Does this suggest that Glenturret is crossing the Rubicon from niche whisky to an international lifestyle brand? Laurie insists that production levels will remain relatively low, not least because one distinction for Glenturret is that it’s made by hand. He also concedes health and safety regulations have meant some changes. (“We were the last distillery to physically mix the barley and water of the mash with a big stick — literally — but the people who do that end up with all sorts of shoulder injuries.”) But Lalique, Wyss and Laurie have very consciously chosen not to introduce the kind of computerized mechanization that could double or triple output, even though the cash is now there to do so.
“Whether you can taste that Glenturret is handmade, well, probably not,” admits Laurie. “But when you know something is made by an artisan — whether it’s a watch, leather goods or a whisky — it gives the product a romance that consumers really enjoy. Is that just marketing? I can only say it’s something I really value. And the fact is that there are already plenty of lifestyle brands in this industry that just happen to make whisky, whereas I think first and foremost the priority has to be putting exceptional liquid in a bottle. Otherwise, people try you once and don’t come back.”
Not that a fancy bottle is out of the question. Indeed, Lalique is well placed to provide very fancy bottles (they’ve done it with tequila) and inevitably some cut glass has started to sparkle in the Scottish mists: Glenturret has presented the first of four new Highland single malt whiskies in just 105 handblown decanters, with another decanter project (in collaboration with an unnamed artist) in the pipeline for next year. Back in December a one-off single malt, Uaine, bottled in a jade green crystal decanter, sold at Sotheby’s for $35,000.
But Laurie is reluctant to move too far from whisky’s bedrock — its fundamental provenance, its connection to the land — in search of the kind of lifestyle novelties that, he argues, have muddied the waters for other spirits.
“Look at what’s happened with gin, for example. That’s got very messy, such that it’s very hard for consumers to have any brand loyalty now,” he says. “Do you need 10 botanicals or 50? Do you need so many different flavors? There’s too much choice and so much confusion, and I think we’ll start to see some consolidation in that market now. Whisky can’t be going down that road.”
What it can do with, however, is an underscoring of its authenticity, so that it continues to appeal to what Laurie says is a rapidly changing global consumer and, essentially for a product long associated with old dufferdom, a younger one too. So there will be no pipers on the labels, no shortbread tins, no stereotyped visions of Scotland more at home in Highlander or Braveheart.

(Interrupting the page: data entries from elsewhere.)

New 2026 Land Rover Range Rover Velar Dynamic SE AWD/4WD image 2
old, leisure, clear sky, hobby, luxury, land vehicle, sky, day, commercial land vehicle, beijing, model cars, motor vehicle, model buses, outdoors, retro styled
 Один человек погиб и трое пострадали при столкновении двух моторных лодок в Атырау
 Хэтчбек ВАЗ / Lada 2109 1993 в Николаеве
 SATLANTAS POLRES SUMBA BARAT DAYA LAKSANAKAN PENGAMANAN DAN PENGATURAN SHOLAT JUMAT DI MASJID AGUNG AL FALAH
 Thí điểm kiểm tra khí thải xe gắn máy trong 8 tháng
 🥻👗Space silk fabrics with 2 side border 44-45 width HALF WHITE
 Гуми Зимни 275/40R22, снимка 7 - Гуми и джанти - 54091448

“New generations are looking for a whisky that’s genuine,” he reckons. “They’re more agile with their palates and want to drink different whiskies on different occasions too. On some days they want a more bourbon-influenced drink and on others they’ll be having more of peat mood.”
Glenturret is now introducing up to 14 new whiskies every year. But as for the peat? That may be on its way out as whisky producers increasingly come under the hyper-critical lens of sustainability. The use of peat as a natural marshland resource is coming under fire, Laurie says, even for a relatively minimal peat-user like Glenturret. So the pressure is on to find some kind of sustainable peat replacement.
“Though you know what will happen — you can bet that that will only drive up demand for the last of the real peat-based stock,” he adds. “That’s the thing about whiskey, people want the real deal.”